La palabra humana jamás podría alcanzar la exactitud científica. Siempre es plurivalente, con significados según las circunstancias, evolucionando a lo largo del tiempo. Esto arriesga la ambigüedad y confusión. A pesar de ello, bienvenida esta tendencia resbaladiza del lenguaje humano. Permite la creación, el pensar, la poesía, y expresar lo casi inexpresable, escudriñar lo que está más allá de la vida. Además, sin ella no existiría el lenguaje del amor, que está ausente del mundo animal; en su misterio y contradicción, le confiere dignidad y misterio.
Sin embargo, esta libertad para ser enigmáticos abre las puertas de la creación cultural, precisamente porque los humanos, en una gran cantidad de relaciones mutuas, la traducen en un lenguaje lo más unívoco posible. De otro modo, las relaciones personales y sociales caerían en un caos de comunicación. Se puede jugar con la ambigüedad porque hay un fundamento de claridad, de seguridad, como en la existencia humana lo es el amor incondicional de una madre por su hijo. Lo mismo, pasando a otro plano, el derecho debe aproximarse lo que más pueda a lo claro y distinto, a lo unívoco. De otro modo caería en la arbitrariedad más absoluta, como aquella del “enemigo del pueblo” del comunismo soviético, tan admirado en su tiempo por émulos chilenos.
Por ello, existen ámbitos en donde las palabras deben ser claras para todos los que hayan cursado la educación básica y media. En este sentido, el documento matriz de un cuerpo político, o el derecho penal, deben expresar de la manera más precisa posible el significado concreto de sus normas. Lo mismo, en nivel de suma importancia, toda Carta Fundamental, una Constitución. Lo perfecto es imposible, pero debe traslucirse el esfuerzo por lograrlo.
Pues bien, nada de ello interesaba a la gran mayoría de los convencionales. Buscaron un festín, concretado en una serie de performances, dentro y fuera de Santiago, nada de baratas, sumándose esa mayoría que por accidente fue elegida, a una Constitución inspirada en los aires bolivarianos, maquillándola solo a último momento; y escondiéndose bajo tierra en el 2021 cuando hubo la reversión electoral en noviembre de ese año. Igual, ahora en la campaña están algo sumergidos.

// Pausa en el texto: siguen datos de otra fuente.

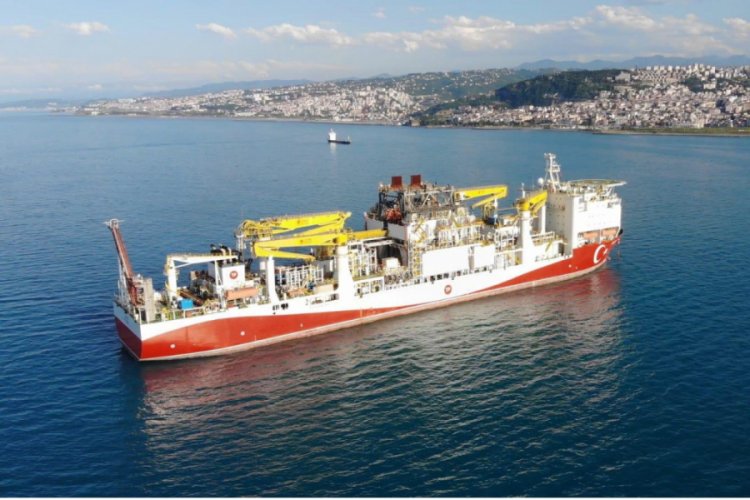 "Fatih, Karadeniz seferinin ilk durağı Trabzon'a ulaştı"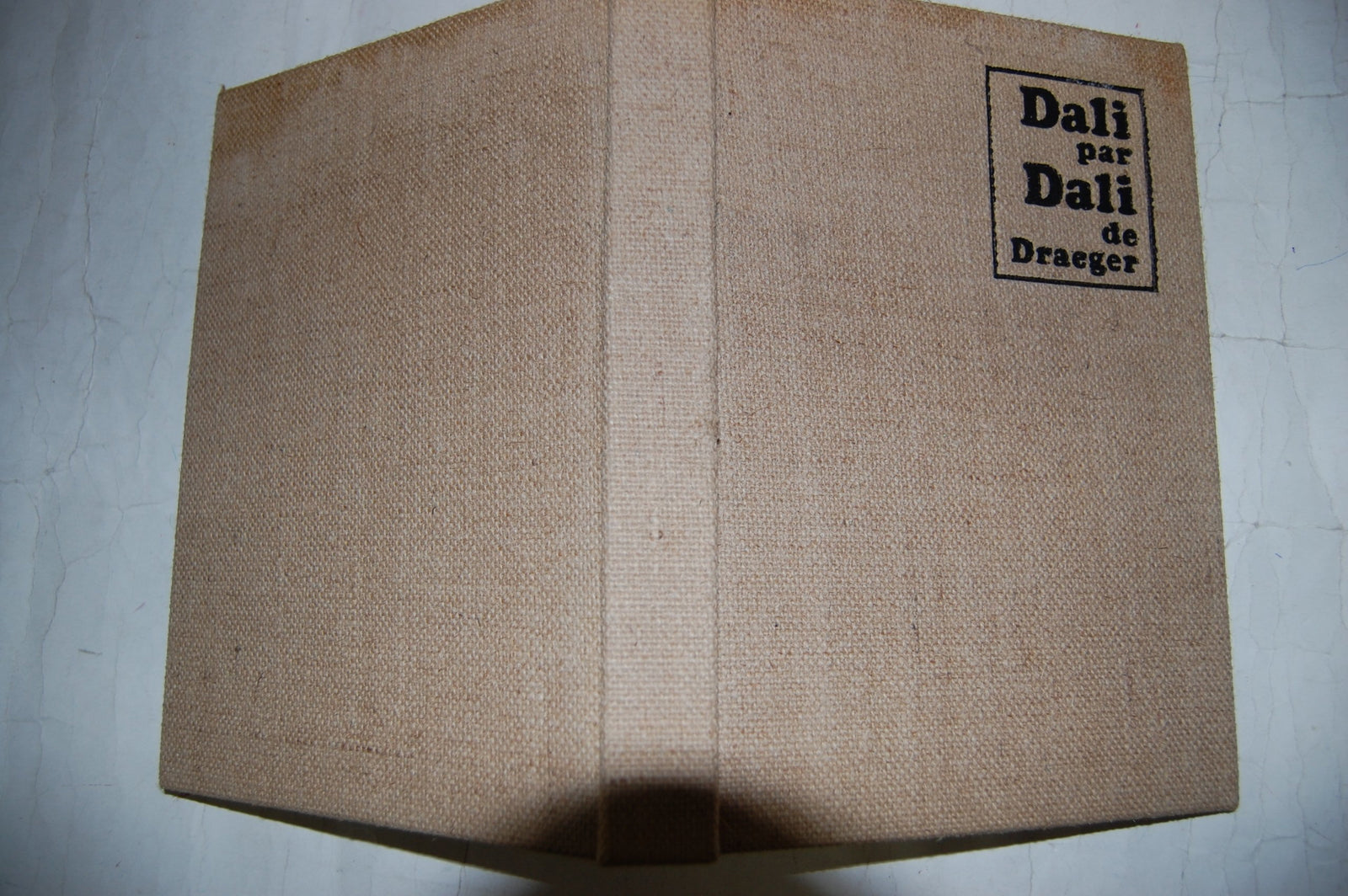 DALI, SECRETO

Pues bien, el resultado de este proceso ha sido un documento lo más alejado posible de toda idea de un tronco de lenguaje que sea un ancla inamovible, por cierto, dentro de las inevitables interpretaciones no más allá del mínimo indispensable, del que ha gozado toda Constitución respetable (la norteamericana de 1787 y la Ley Fundamental alemana de 1949 son grandes ejemplos).
Existen las afirmaciones u omisiones rotundas, de la plurinacionalidad, de lo intercultural (en el mundo académico jamás habrá acuerdo sobre su significado), sobre relaciones prioritarias con América Latina (supina y peligrosa ignorancia), la casi escondida supresión del Senado o del Poder Judicial (en este, aunque sea solo el nombre, que ha acompañado a la República, de manera impredecible se pagará muy caro), la organización de diversos sistemas de justicia, representación desigual (después de haber rasgado vestiduras por más de un siglo por la falta de representatividad), etc. Y la vaguedad más absoluta, en catálogos de derechos indefinidos e interminables a entes que no se les puede preguntar, como las plantas, animales y al universo; y promesas de que por ley arribará el país de Jauja, embuste descarado.
En vez de liberarnos de las tinieblas, el proyecto actual, o nos sumirá en una camisa de fuerza o en la confusión más absoluta, interpretándose a gusto del consumidor político.